The ache you feel is a well-known phenomenon called survivor’s guilt. It is the feeling that you shouldn’t be here, either. It is not that you want to die, though unfortunately, that is sometimes the case. It is that you feel a sense of wrongness. Surely, it can’t just be random. That is a scary thought. We need to make sense of it, understand it somehow. We need to exert a sense of control. But such events defy control or understanding. Survivor’s guilt is no laughing matter that can simply be dismissed with a shrug of the shoulders. If you are feeling the weight of it, here are a few next steps:
Get Professional Help
Something that people do in times of crisis is self-medicate in an attempt to overcome the emotional pain. That leads to the kind of superficial relief found in illicit substances such as heroin. All too often, that leads to overdose, then a desperate scramble by loved ones to figure out how to treat heroin overdose.

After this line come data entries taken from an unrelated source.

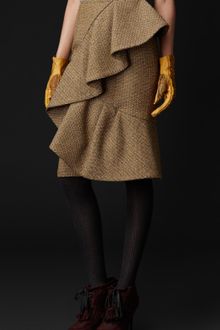 Burberry Prorsum Asymmetric Draped Pencil Skirt - Lyst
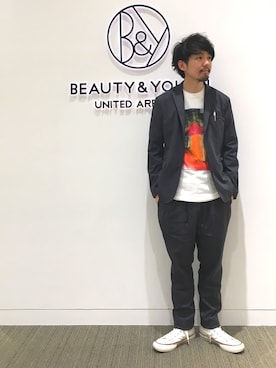 Daisuke Kuoriさん(メンズ・180cm)の春コーディネート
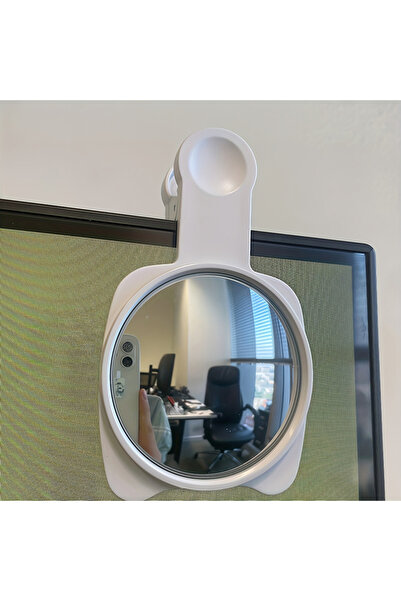 Choice1 White Clip-On Convex Privacy Mirror,Wide-Angle Rearview Mirror For Ph...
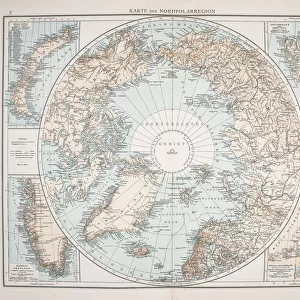 North Polar Chart 1895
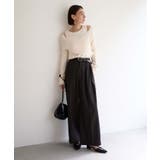 【CAPRICIEUX LE'MAGE】オフショルクロスレイヤードニット | PAL GROUP OUTLET | 詳細画像10 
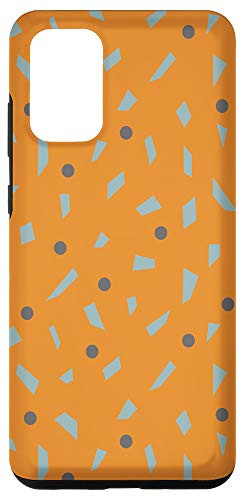 Galaxy S20 plus Orange Festive Confetti Polka Dots Abstract Pattern Case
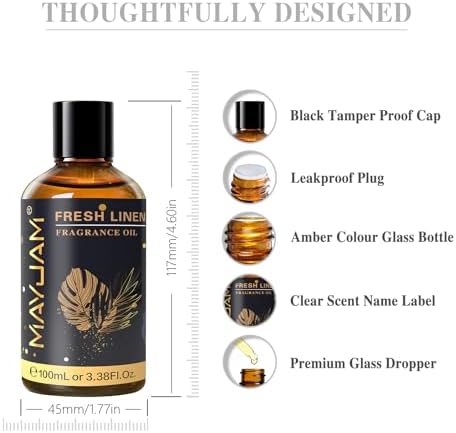 Fresh Linen Fragrance Oils 100ML with Glass Dropper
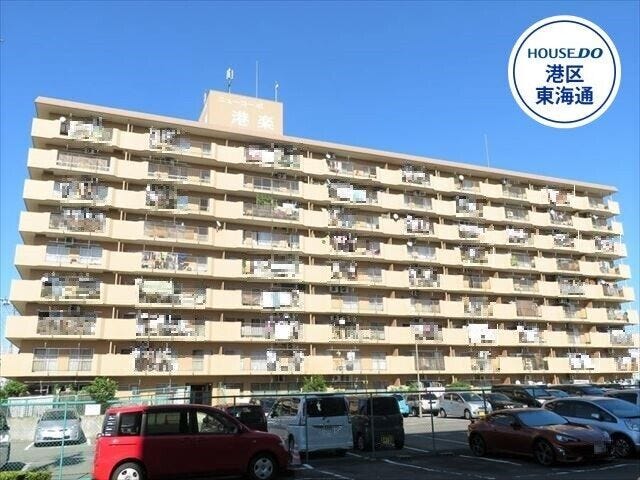 【外観】
名港線「港区役所」駅まで徒歩6分と通勤・通学に便利です。港楽小学校まで徒歩5分とお子様の通学も安心です。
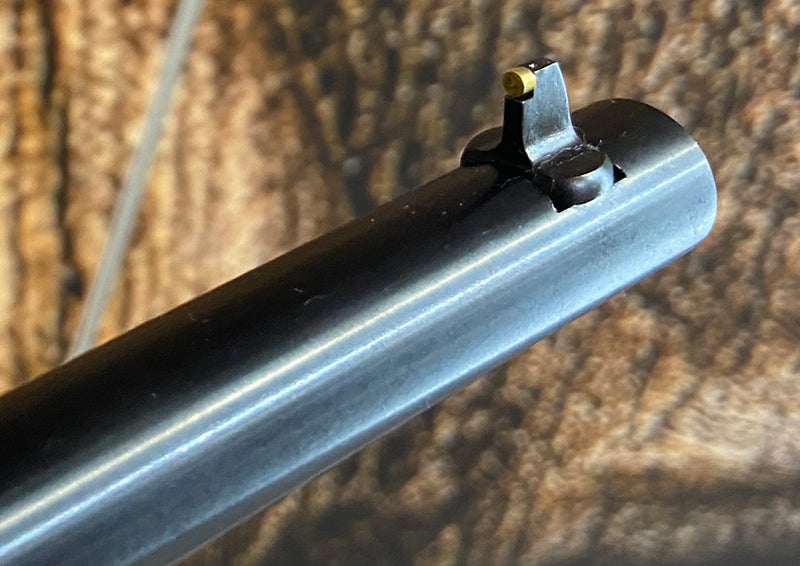 Heritage Rancher carbine has a brass bead front sight. (Photo © Russ Chastain)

At that point, the only thing a person can responsibly do is to remain calm, call 911, speak clearly, and answer all questions, especially the address. You would be surprised at how difficult it is to produce the most basic information in a time of extreme stress.

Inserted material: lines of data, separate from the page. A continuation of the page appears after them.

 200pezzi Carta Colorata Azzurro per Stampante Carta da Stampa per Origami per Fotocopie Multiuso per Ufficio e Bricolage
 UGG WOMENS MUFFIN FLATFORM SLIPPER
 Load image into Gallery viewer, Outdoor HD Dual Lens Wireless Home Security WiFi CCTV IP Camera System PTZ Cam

With survivor’s guilt, it is perfectly natural to feel overwhelmed. There is no shame in feeling this way. It is also natural for there to be a delayed reaction. The guilt might not be triggered until you start getting your life back to normal. That is the moment that it hits you that things are not normal. As we are now getting back to some semblance of normality, it is worth taking stock of your emotional state. Don’t ignore the uncomfortable feelings. If you find yourself turning to unhealthy coping mechanisms, get help. You are not alone.
Seek Calm
Learning how to achieve calm is a good next step. Calm is not something you just naturally have, or accidentally stumble into. It is a state of being that takes a lot of work to achieve. It also is not the kind of thing that happens right away. If you are a practitioner of meditation, you might have to meditate for hours, or even days to achieve something like calm.

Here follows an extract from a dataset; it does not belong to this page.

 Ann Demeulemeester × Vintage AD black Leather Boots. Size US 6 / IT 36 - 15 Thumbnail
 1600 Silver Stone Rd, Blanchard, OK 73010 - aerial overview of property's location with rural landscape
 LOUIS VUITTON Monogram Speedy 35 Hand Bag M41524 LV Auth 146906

The trick to dealing with stress is to slow things down. When it feels like everything is spinning out of control, that is when you intentionally move slower. Don’t worry about the five balls you are juggling. Just focus on one of them. Achieve one success. Set it aside and focus on the next thing. It doesn’t have to be in the order of importance or even chronological order. Start with the easiest thing to fix and go from there. When you have achieved some calm, you can tackle the more pressing issue. If you allow yourself to get increasingly frantic, even the easy things become difficult.
Confide in a Friend
Our social structure provides more than a group to hang with when bored. It provides a support structure when we can no longer carry the load by ourselves. Before you go to a counselor, try calling a confidant and confide in them. Talk about how you feel. Rant, rave, go little nuts. That’s what friends are for. You will be surprised at how much healing you get just by getting some of your darker emotions out in the open and out of your system.
Survivor’s guilt is a little like grief. It will always be a part of you. But you can learn to manage it. That is a natural part of the human condition. Seek professional help. Slow things down. And confide in the people who know you best.